# Any color pencil artists?



## Saturicon (Jan 31, 2015)

Greetings everyone!

I have noticed that majority of furry art is digital art. Does anyone use color pencils that you know? I have all my life drawn with graphic pencils and have decided to try move on to colored pictures, and color pencils felt most natural choice. Maybe I'm just old fashioned or then just scared of new techniques, but somehow traditional drawing attracts me more as my personal drawing method. Digital software would mean that I have to learn to use it properly, which feels a huge and exhaustive task.

So, are there other artists that use color pencils in their work? I really would like to study more of this subject and hear tips. As well as learn more about proper pens. I have one one big Derwent Studio set, but it feels like it's not best for shading colors, despite it was quite expensive set.


----------



## Kookyfox (Jan 31, 2015)

I am nowhere near being an "artist", nor do I view it as "work". But still I use colored pencils.
If you're looking for a good artist that uses colored pencils, I know one buut he mostly draw NSFW (though he has made an FA account for tutorials)
So I won't risk linking it  without being sure that you're ok with it.

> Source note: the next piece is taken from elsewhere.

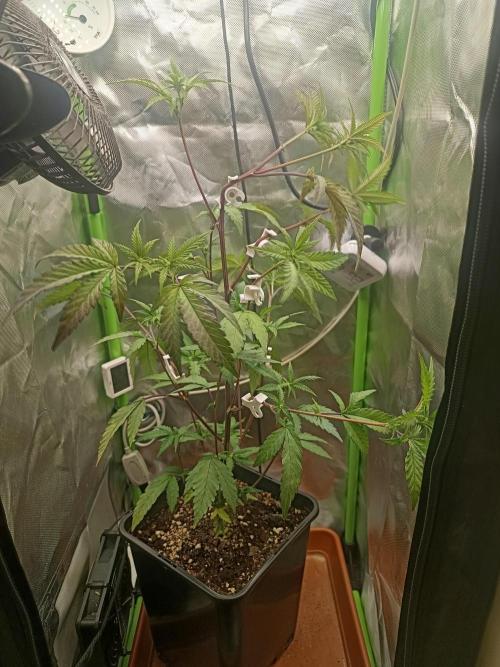 BLOCKBERRY. Week 4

Also when you start a new thread, start with greetings, it's more polite.

Oh and go make an introduction thread in the intro sub forum please


----------



## Saturicon (Jan 31, 2015)

Of course, sorry. New and eager, I added greetings. 

Yes, I'm ok with NFSW material. Don't like to draw such myself, unless pin up girls count. (Those are on the edge, before my wife starts to think of me as a creep...). Personally I'm open with all art.

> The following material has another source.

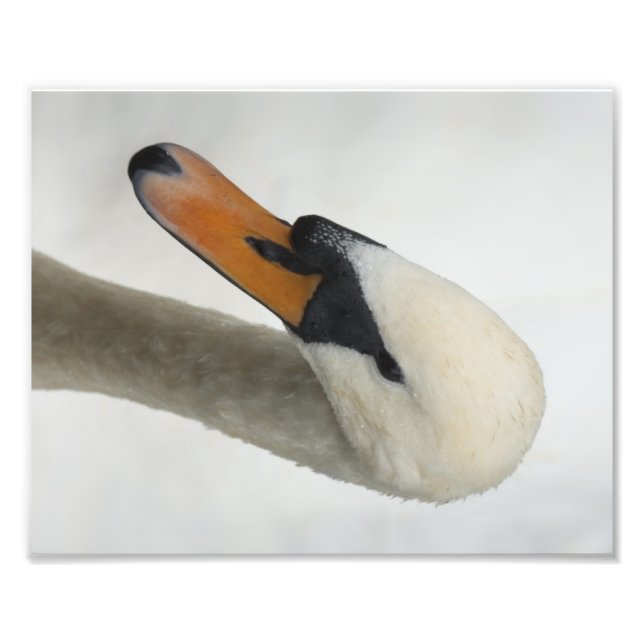 Impression Photo Cygne Macro Blanc (Devant)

I wouldn't call myself an artist either. Rather an "guy that likes to draw and hopes to someday be good enough to illustrate his book with pictures that don't look like crap".  

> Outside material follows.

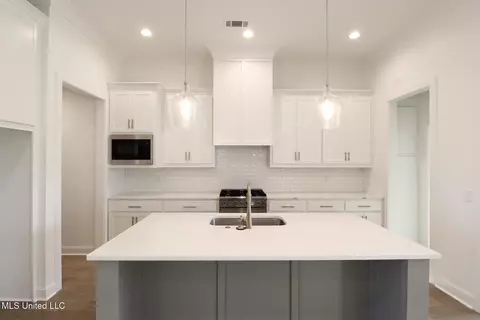 Kitchen - 433 Baleigh Way, Canton, MS 39046 photo 5 of 5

I'll go post introduction later. Phone is terrible device for writing and kid took the iPad.


----------



## BlitzCo (Jan 31, 2015)

Since I don't have a program for digital art, I use my notebook, some pencils, and colored pencils


----------



## Ryouzen (Jan 31, 2015)

I still use pencils also. Moving atm into colored since regular without color seems to lack a certain finesse. But yeah I understand what you mean for digital. I actually have a Mac so i'm not sure how to do anything with it lol Let alone actually attempt to do art on a comp. Besides I feel more comfortable using a pencil vs other media. Really allows my work to come out about 85% of what I want.


----------



## ForgetLilliet (Jan 31, 2015)

I used to frequently use colored pencils, but now I do so less frequently.


----------



## Saturicon (Jan 31, 2015)

I tried for the first time today the digital drawing. Used iPad and bought a cheap stylus. All foreign territory for me, but it has very promising features. At least for scetching it suits well. Gotta lotta learning ahead really, if I wanna do something serious with that way. I like using traditional pens cause it feels more like handwork. I have a solid touch on the result. Then again, digital drawing is much more forgiving on errors.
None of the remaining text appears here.